I just watched the movie Vanilla Sky with Tom Cruise--I know, I know, I'm very much behind the times. But, I couldn't help but bring it up on the blog given the clear implications of the movie's message regarding the nature of human beings.
The movie really does tout the possible virtues of cryogenic technology (for those who don't know, cryogenics refers to the "science" of freezing the bodies or brains of people who have died in the hope or expectation that the future will see a cure for what killed them, and then they can be "resurrected" to a virtual immortality). I just wanted to make a philosphical comment for those who may be "enamored" by the possibility of such technology.
Cryogenics presupposes a materialist view of the human mind. The idea that people can die, be frozen, and then thawed out to live again assumes that the mind is nothing more than the brain and its physical functions.

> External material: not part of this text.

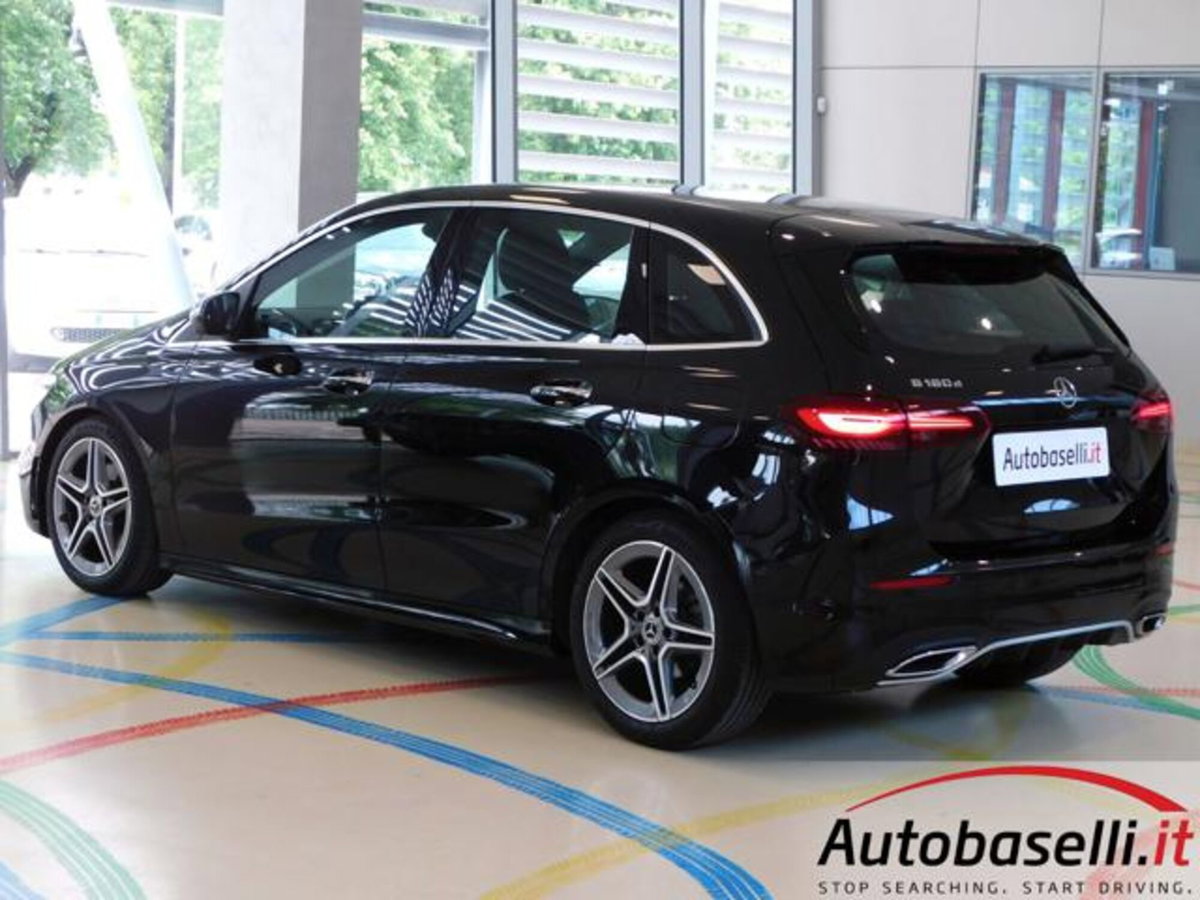Mercedes-Benz Classe B 180 d AMG Line Advanced Plus auto (4)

There is an implicit denial that humans have an immaterial soul that is the true seat of one's personality and can survive the death of the body. For on this traditional view of humans beings the "cryogenic hope" is a fool's errand--when one dies, his soul leaves his body and then goes to either heaven or hell. There is no possibility of being brought back by human technology.
It is not my purpose here to defend the traditional view (though I am inclined to do so), but simply to help any readers who might think that cryogenics is "neat" and maybe "worth a try" to see the philosophical (and theological) implications of their views.